Your job is to transcribe all the records that follow, excluding any pictures.

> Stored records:
· · · · · · ·
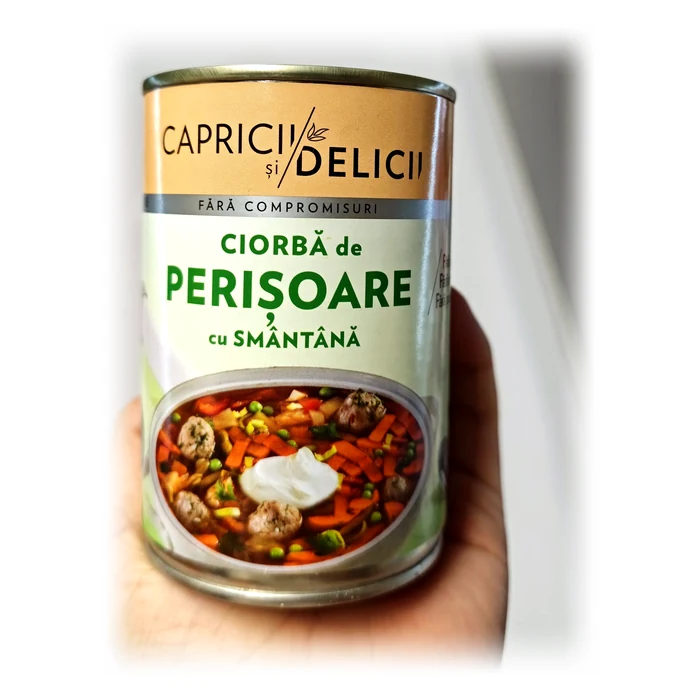 Capricii și Delicii Ciorbă de perișoare cu smântână — ciorbă di polpettine con panna acida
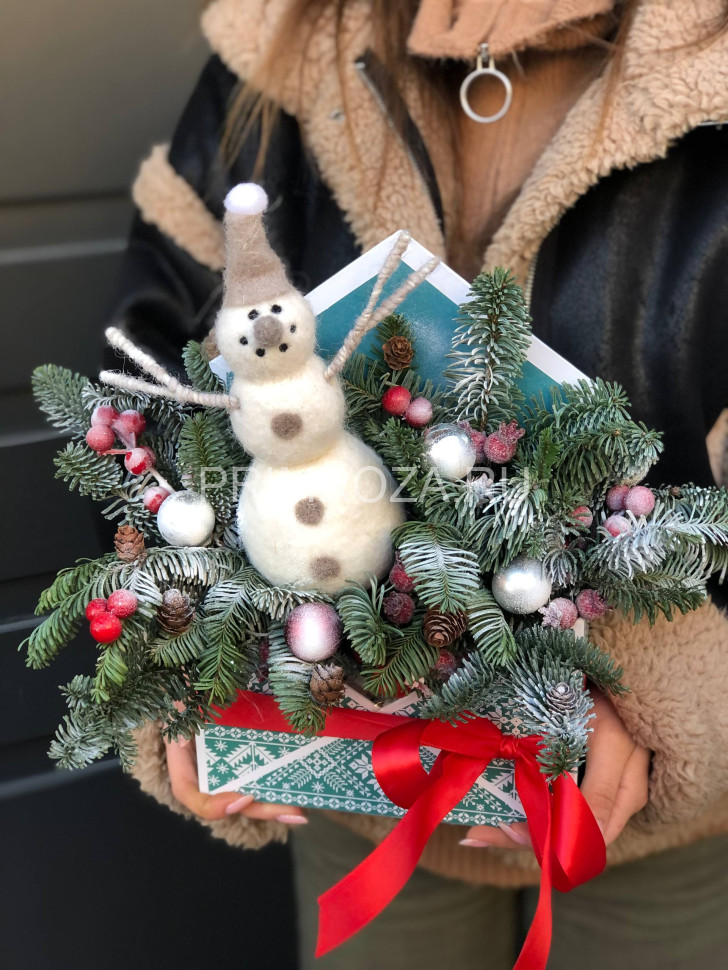 Новогодняя композиция в конверте #NY539 Flowers delivery Vladivostok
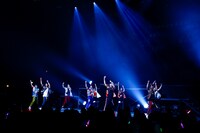 「PrizmaX Hall Tour Level 7 ～FUSION～」の様子。（撮影：笹森健一）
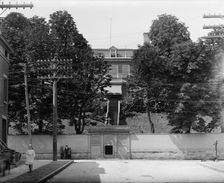 Old Schuler [i.e. Schuyler] Mansion, Albany, N.Y., between 1900 and 1910. Creator: Unknown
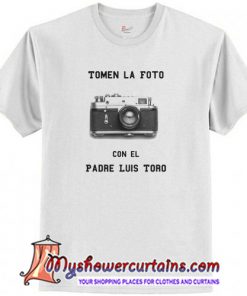 TomEn la foto con el padre luis toro T-Shirt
· · · · · · ·
> WRITTEN RESPONSE:
 Capricii și Delicii Ciorbă de perișoare cu smântână — ciorbă di polpettine con panna acida
 Новогодняя композиция в конверте #NY539 Flowers delivery Vladivostok
 「PrizmaX Hall Tour Level 7 ～FUSION～」の様子。（撮影：笹森健一）
 Old Schuler [i.e. Schuyler] Mansion, Albany, N.Y., between 1900 and 1910. Creator: Unknown
 TomEn la foto con el padre luis toro T-Shirt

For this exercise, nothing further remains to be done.